Cédric Guillemin nous a fait le plaisir de répondre à quelques questions à propos du festival de film de famille.

Family Movie : Cédric, que propose le Festival de Film de famille de Saint-Ouen ?

Cédric Guillemin : Le Festival propose de découvrir et de partager des histoires de famille, racontées en image pas des auteurs amateurs ou professionnels,dans une ambiance conviviale propice aux rencontres et discussions.

FM : C’est la 3ème édition, quel est le thème de cette année ?

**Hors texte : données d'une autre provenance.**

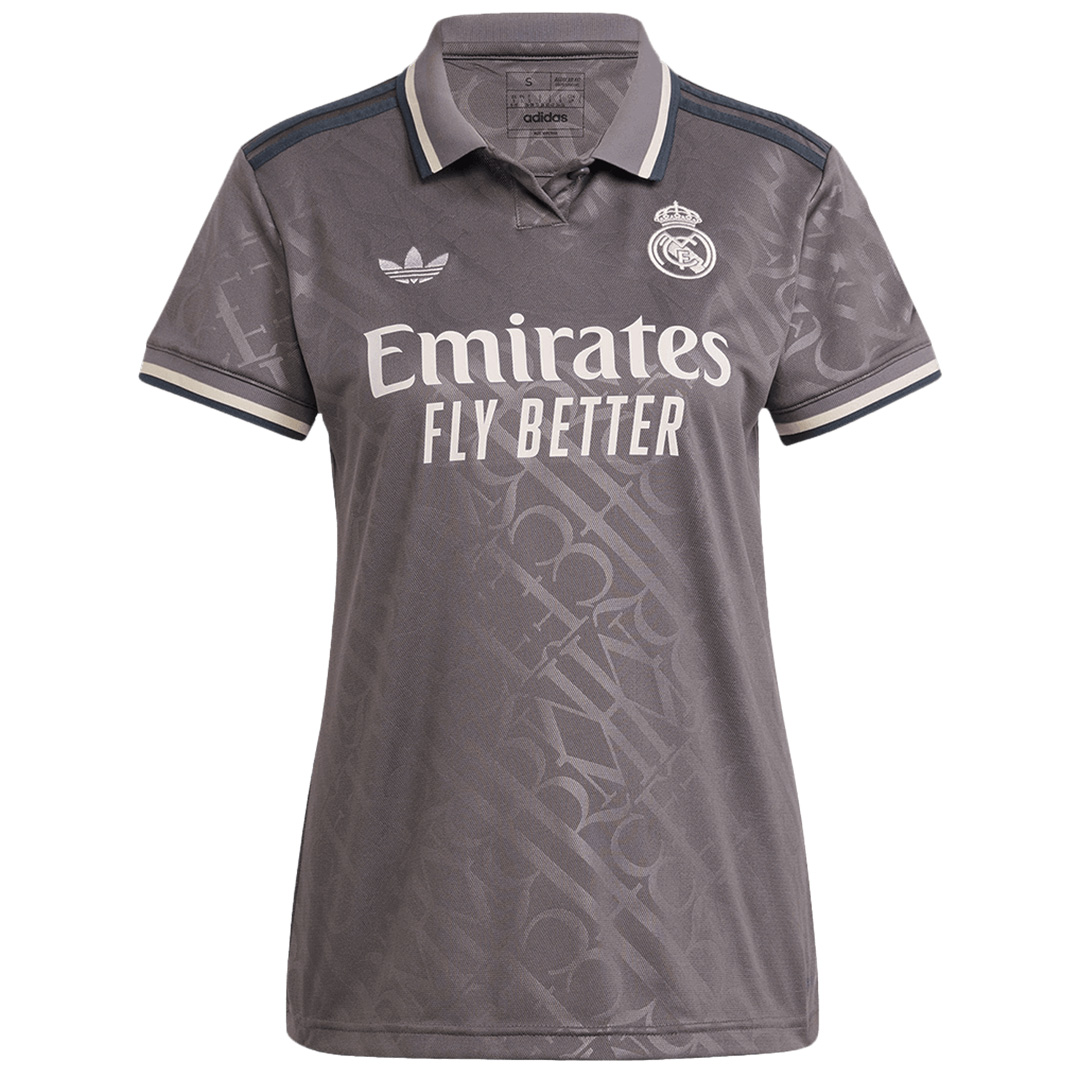 Women's Real Madrid Third Shirt 2024/25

CG : Depuis sa création, la programmation du festival est créée à partir d’œuvres proposées spontanément suite à un appel à candidature ouvert à tous. Bien qu’aucune thématique ne soit imposée, nous constatons toujours qu’il s’en dégage une ou deux : l’an dernier par exemple, la génération des grands-parents, garants de la mémoire du 20ème siècle, était très représentée. Cette année nous découvrirons plusieurs documentaires intimistes sur la question de devenir parents et plusieurs films expérimentaux réalisés à partir de films de famille 8mm et super 8 devenus historiques.

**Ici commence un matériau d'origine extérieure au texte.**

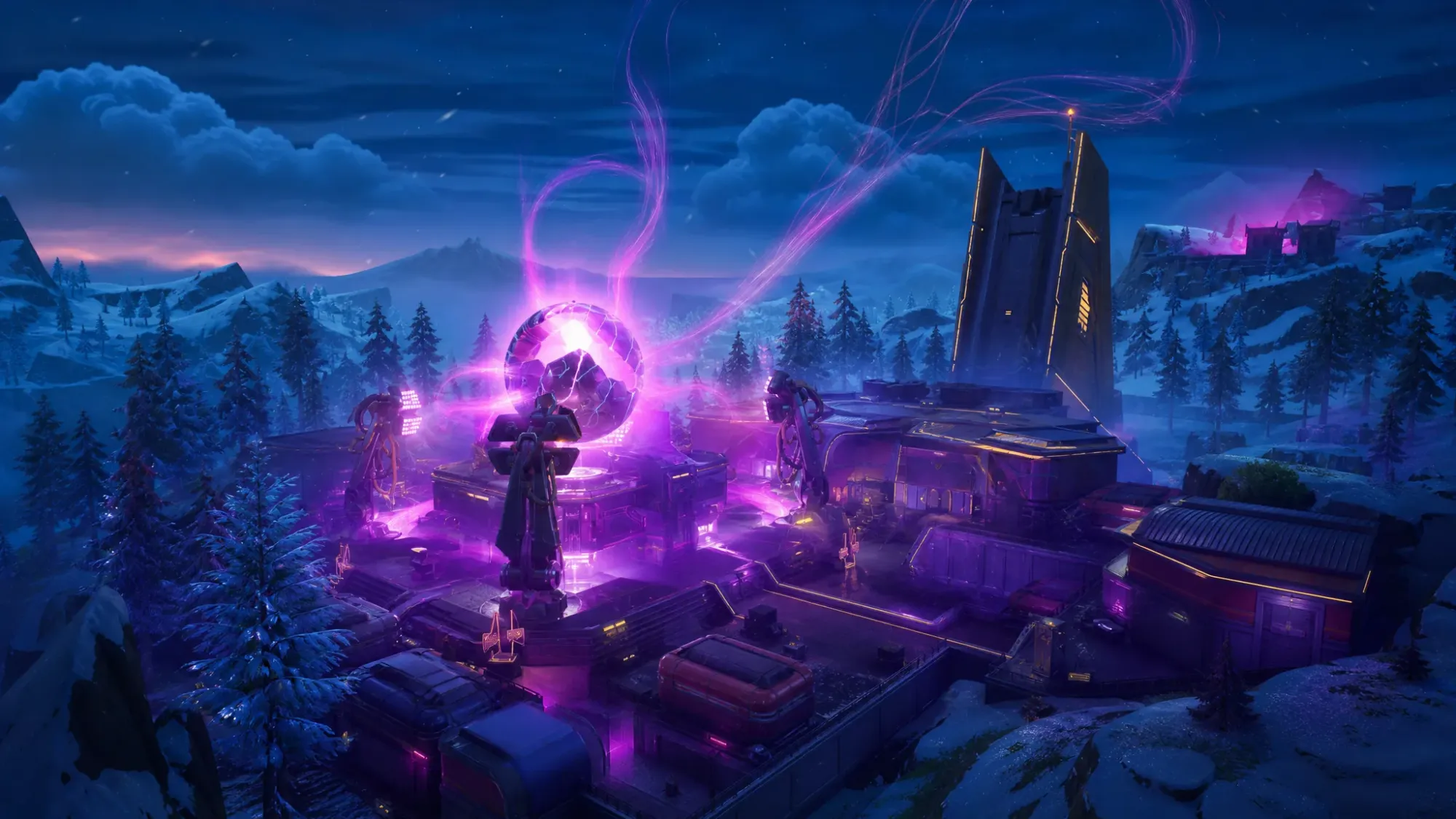 Fortnite Shattered Stress Test: How to Grab 80,000 Free XP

FM : Que vient chercher votre public ? Quelle est sa motivation ?

CG : A présent que le festival commence à être reconnu, le public sait de plus en plus que c’est l’occasion de voir des films rares, souvent très créatifs, d’en confronter les histoires avec sa propre mémoire, sa vie familiale et ses souvenirs, et de partager cette expériences avec les auteurs et les autres festivaliers. Il existe beaucoup de connivences entre les sujets des œuvres et nous : ce sont des films qui nous rapprochent.

FM : Combien de films avez vous reçus ?

CG : Nous avons reçu une soixantaine de films. 31 sont programmés et sont tous susceptibles de recevoir le prix du jury ou le prix du public.

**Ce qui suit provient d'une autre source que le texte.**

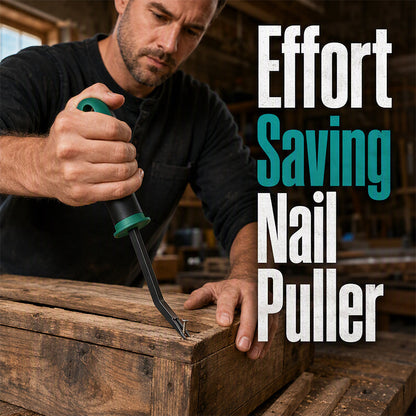 ⏳Time-Limited Special⏰Ergonomic Staple Puller Nail Remover Tool🔨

FM : Qui sont les personnes qui vous envoient leurs films ?

CG : Beaucoup sont déjà réalisateurs et s’intéressent, au cours de leur parcours professionnel, à leur propre famille ou un de ses membres. Nous attachons beaucoup d’importance à ce que l’auteur soit un membre de la famille qu’il filme, à part pour certains courts métrages de fiction. Parfois, ce sont des films de famille retrouvés qui deviennent les « héros » de nouvelles créations. Et les auteurs amateurs, de tous horizons, proposent des chroniques et portraits, bien ficelées, originales et émouvantes : avec le DV et l’informatique, les films sont de moins en moins amateurs.
D’ailleurs, le festival témoigne aussi de l’évolution du film de famille, avec le temps et les nouvelles technologies.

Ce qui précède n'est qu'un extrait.